I will admit that I've waited on purpose to write anything about the "Occupy Wall Street" (OWS) movement. I was sure that comparisons of OWS and the Tea Party would be inevitable, and I knew that my own personal political perspective would align more readily with OWS. I was not surprised to see the reaction from folks on the Tea Party side, particularly its leaders, but have been hearing that some self proclaimed Tea Party supporters also support some aspects of OWS. I happen to like that OWS is taking its time to settle on anything specific, with regard to demands, because it affords the movement with an opportunity to embrace many different types of folks. I like that there is a diversity of issues that have brought people together to public squares throughout the country, and even around the world (I love that The Guardian has an entire section of its site dedicated to OWS. I pray that OWS does not become to the Democratic Party what the Tea Party has become to the Republican Party, because I believe that the issues that motivate folks to support OWS transcend tired party line constructs.

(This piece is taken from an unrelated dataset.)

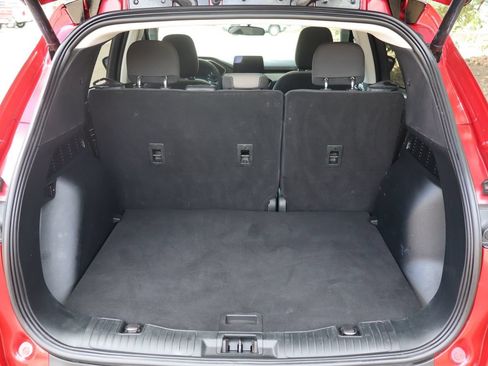 Used 2022 Ford Escape SE w/ SE Sport Appearance Package FWD image 14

I certainly can explain why I support the concept of OWS. It boils down to the fact that virtually no one who was responsible for the collapse of the American economy has been held to account. I still think about the film "Inside Job," and I get angry. I still think about the Financial Crisis Inquiry Commission's report, and how it remains a far cry from the old Pecora Commission efforts following the Crash of 1929. I still think that the Dodd-Frank law didn't go far enough, and was weakened by financial industry lobbyists. I still think about Joseph Stiglitz's brilliant essay, "Of the 1%, by the 1%, and for the 1%," in Vanity Fair.
In essence, I find that the lack of a real effort on the part of our government to make sure that something like what happened in 2008 never happens again to be appalling, and I also find it outrageous that so many in the upper echelons of Wall Street have been let off of the hook. Sadly, I have little expectation that anything substantive really will be done to right that massive multi-trillion dollar wrong. And I cannot help but laugh at the notion that calling for actual justice for destroying the American economy and the net worth of millions of Americans is derisively dismissed as "class warfare."